学习hadoop map reduce过程的时候,第一步就是split。我们知道,hdfs中的数据是按block来存储的。问题来了,那么split和block之间是什么关系呢?我google到了stackoverflow上的这篇文章,我觉得这个帖子应该把关系说清楚了,翻译出来,欢迎大家批评指正!以下:

问题

hadoop的split size 和 block size 是什么关系? 是否 split size 应该 n倍于 block size ?

概念

在 hdfs 架构中,存在 blocks 的概念。 通常来说,hdfs中的一个block 是 64MB 。 当我们把一个大文件导入hdfs中的时候,文件会按 64MB 每个block来分割(版本不同,默认配置可能不同)。 如果你有1GB的文件要存入HDFS中, 1GB/64MB = 1024MB / 64MB = 16 个blocks 会被分割到不同的datanode上。

目的

数据分割(data splitting )策略是基于文件偏移进行的。文件分割的目的是 有利于数据并行处理 ,以及 便于数据容灾恢复。

区别

split 是逻辑意义上的split。 通常在 M/R 程序或者其他数据处理技术上用到。根据你处理的数据量的情况,split size是允许用户自定义的。
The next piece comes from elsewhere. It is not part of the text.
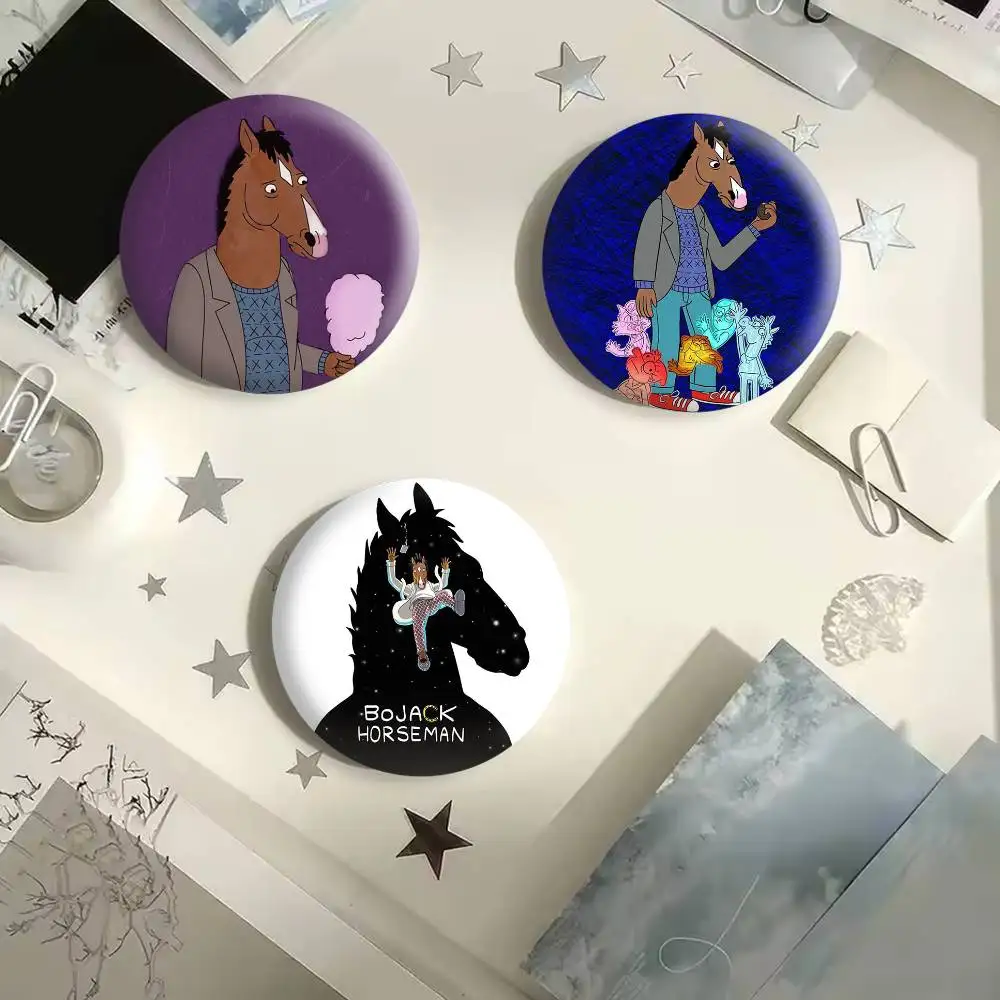 B-BoJack Horsemans Brooches Cartoon Badge Pins Backpack Hat Accessories Friend Gift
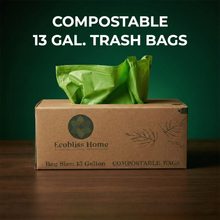 Compostable 13-Gallon Trash Bags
split size 定义好了之后,可以控制 M/R 中 Mapper 的数量。如果M/R中没有定义 split size , 就用 默认的HDFS配置作为 input split。

举例

你有个100MB的文件,block size 是 64MB , 那么就会被split成 2 块。这时如果你你没有指定 input split , 你的M/R程序就会按2个input split 来处理 , 并分配两个mapper来完成这个job。
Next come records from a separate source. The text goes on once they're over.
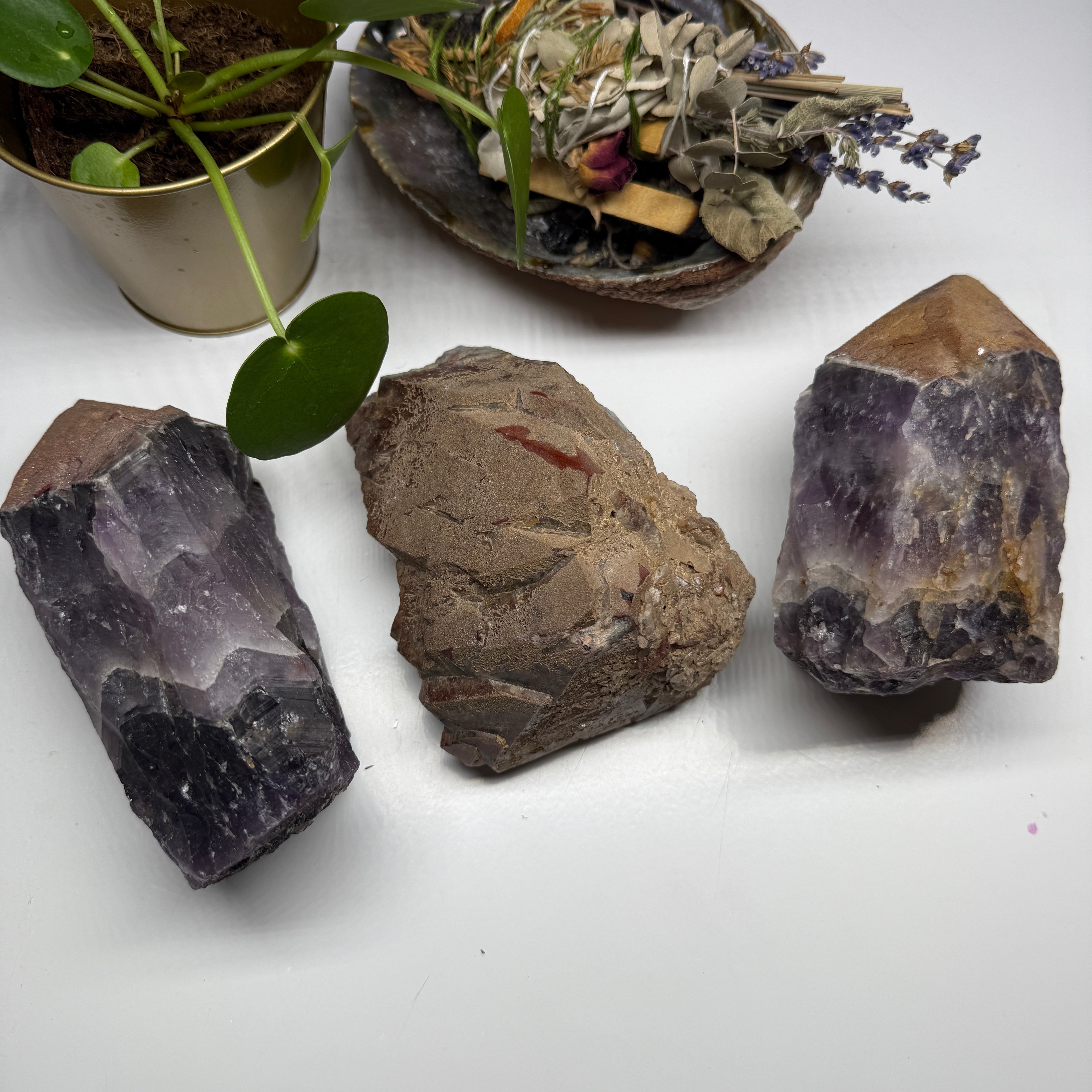 One Incredible Large Raw Auralite 23 Amethyst Crystal Point from Ontario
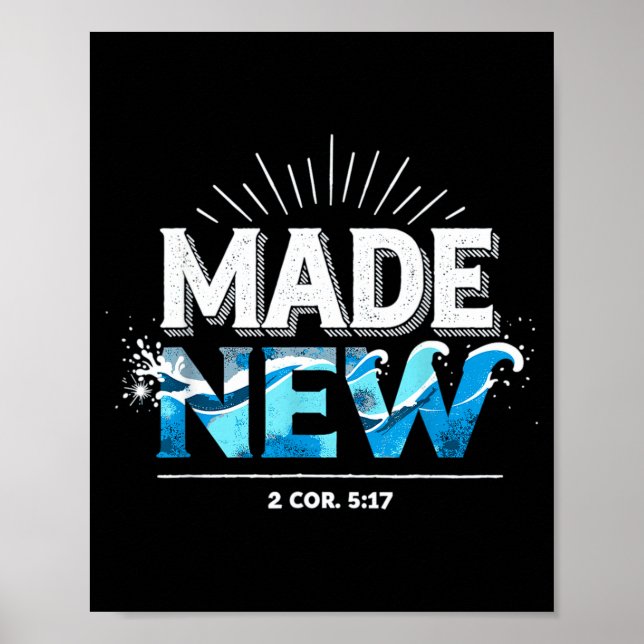 Poster Made New Baptized Baptism  (Devant)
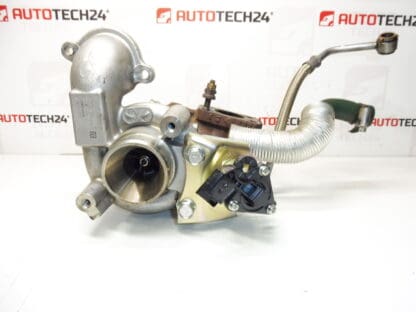 Турбо Citroën Peugeot 1.6 HDI 68KW 88 хил. км 9673283680 TD02H2-07TVT-21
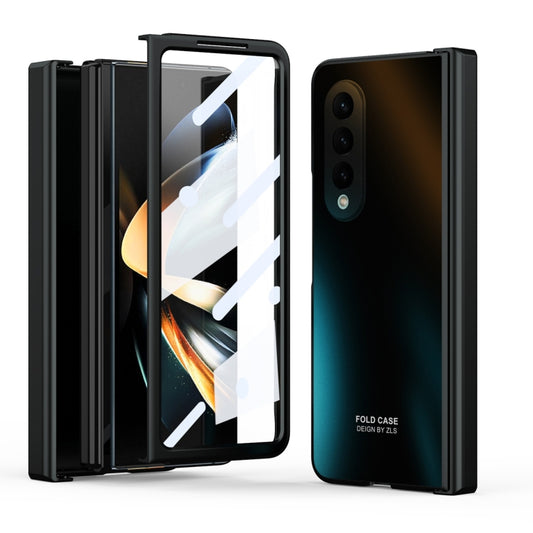 For Samsung Galaxy Z Fold4 5G Integrated Electroplating Folding All-inclusive Phone Case(Black) - Galaxy Z Fold4 5G Cases by buy2fix | Online Shopping UK | buy2fix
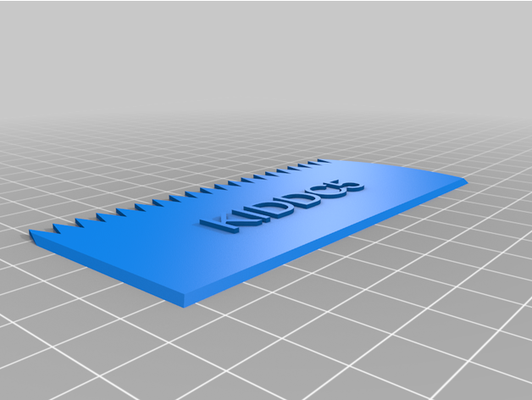 my customized wax comb text by caydenk 3d print model - Mito3D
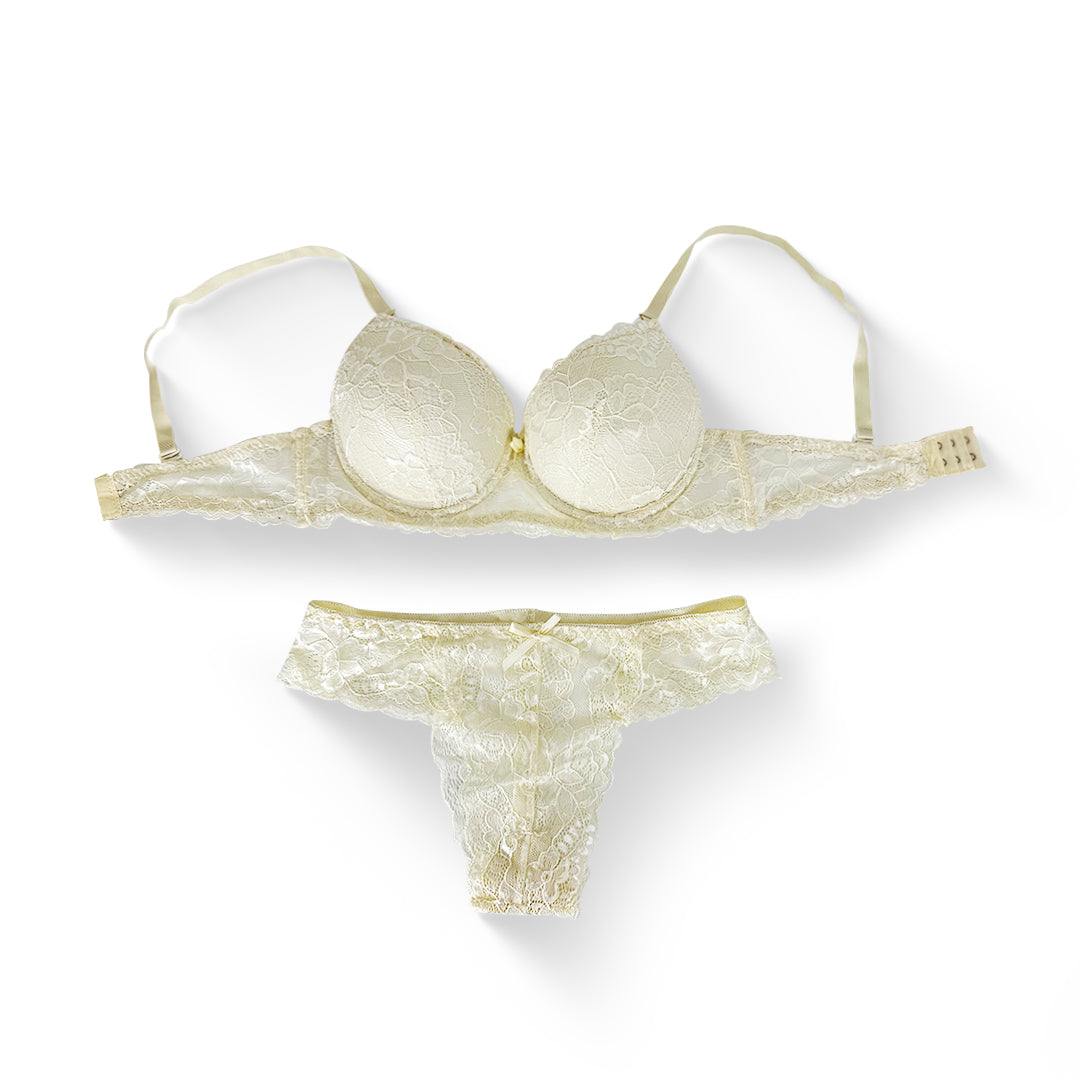 Elegant Lace Lingerie Set - OFF White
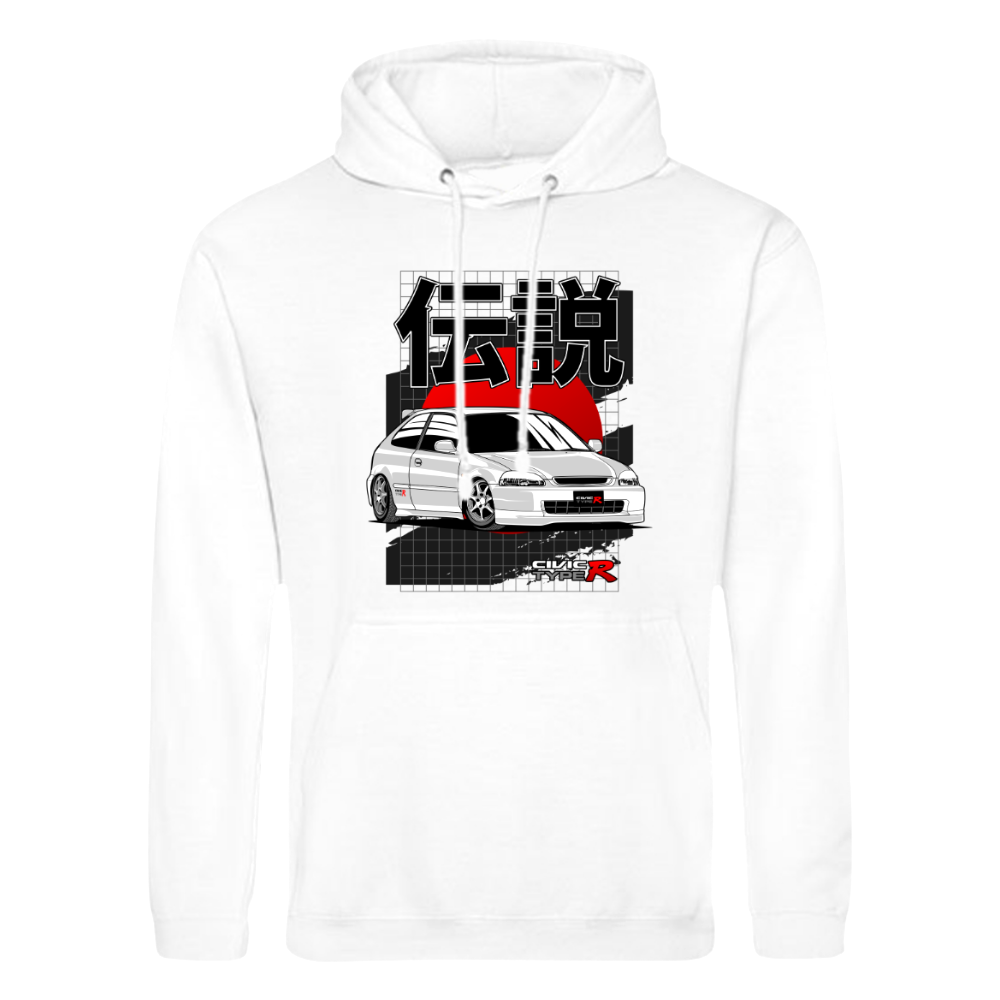 CP-063 Honda Civic EK Type R Hoodie Weiß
但如果你把 split size 指定为 100MB,那么M/R程序就会把数据处理成一个 split,这时只用分配一个mapper 就可以了。

但如果你把split size 指定为 25MB,M/R就会将数据分成4个split,分配4个mapper来处理这个job。

总结

  1. block是物理上的数据分割,而split是逻辑上的分割。
  2. 如果没有特别指定,split size 就等于 HDFS 的 block size 。
  3. 用户可以在M/R 程序中自定义split size。
  4. 一个split 可以包含多个blocks,也可以把一个block应用多个split操作。
  5. 一个split不会包含两个File的Block,不会跨越File边界
  6. 有多少个split,就有多少个mapper。

原文:

Q: What is relationship between split size and block size in Hadoop? As I read in this, split size must be n-times of block size (n is an integer and n > 0), is this correct? Is there any must in relationship between split size and block size? **

A: In HDFS architecture there is a concept of blocks. A typical block size used by HDFS is 64 MB. When we place a large file into HDFS it chopped up into 64 MB chunks(based on default configuration of blocks), Suppose you have a file of 1GB and you want to place that file in HDFS,then there will be 1GB/64MB = 16 split/blocks and these block will be distribute across the DataNodes. These blocks/chunk will reside on a different DataNode based on your cluster configuration.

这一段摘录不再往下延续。